A copy of the cleric's comments delivered in a sermon to some 500 worshippers in Sydney last month during the Muslim holy month of Ramadan was initially published in The Australian.

"If you take out uncovered meat and place it outside... and the cats come and eat it... whose fault is it, the cats' or the uncovered meat?" he asked.

The uncovered meat is the problem, he went on to say.

"If she was in her room, in her home, in her hijab, no problem would have occurred," he added.

Sheikh Hilali also condemned women who swayed suggestively and wore make-up, implying they attracted sexual assault.

"Then you get a judge without mercy... and gives you 65 years," he added.

Sheikh Hilali's critics have previously accused him of praising suicide bombers and claiming the attacks in the United States on 11 September 2001 were "God's work against oppressors".

High-profile case

The BBC's Nick Bryant in Sydney says the cleric's latest comments are seen as particularly insensitive because Sydney was the scene six years ago of a series of gang rapes committed by a group of Lebanese Australians, who received long prison sentences.

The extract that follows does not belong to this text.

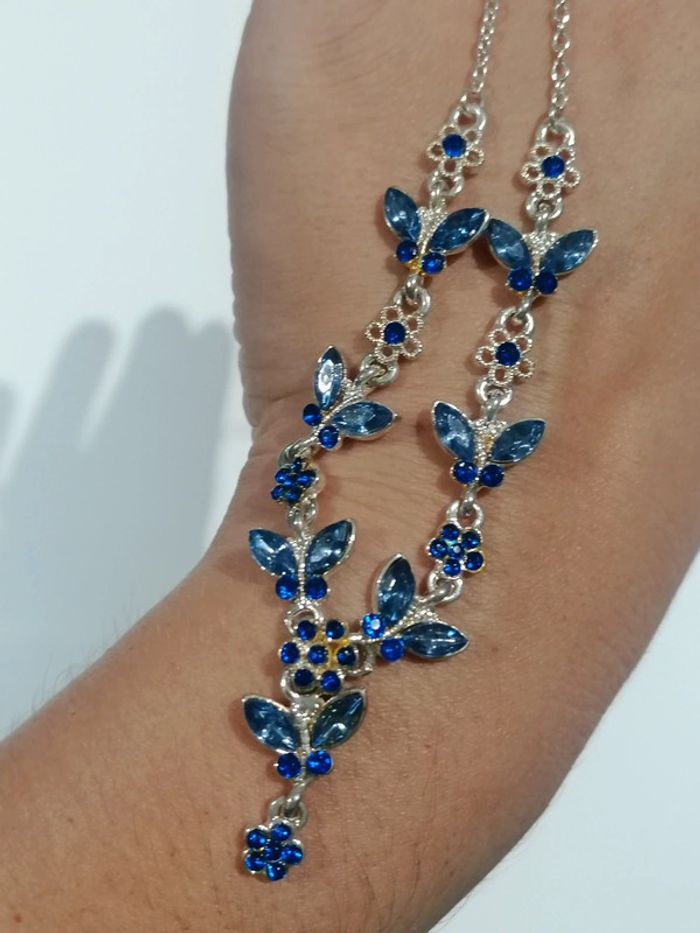 Collier fantaisie papillon fleur bleu 📿 - photo numéro 13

Finance Minister Peter Costello called on Muslims to condemn the speech.

"If you have a significant religious leader like this preaching to a flock in a situation where we've had gang rapes, in a way that seems to make it justifiable, then people that listen to that kind of comment can get the wrong idea," he said.

"They can actually think that it's not as bad as it is."

A number of leading Muslim women have already spoken out against the sermon, describing it as repulsive and offensive.

Federal Sex Discrimination Commissioner Pru Goward said the comments could be an incitement to crime.

"Young Muslim men who now rape women can cite this in court, can quote this man... their leader in court," she told Australian media.

She added that the cleric should be deported for inciting rape.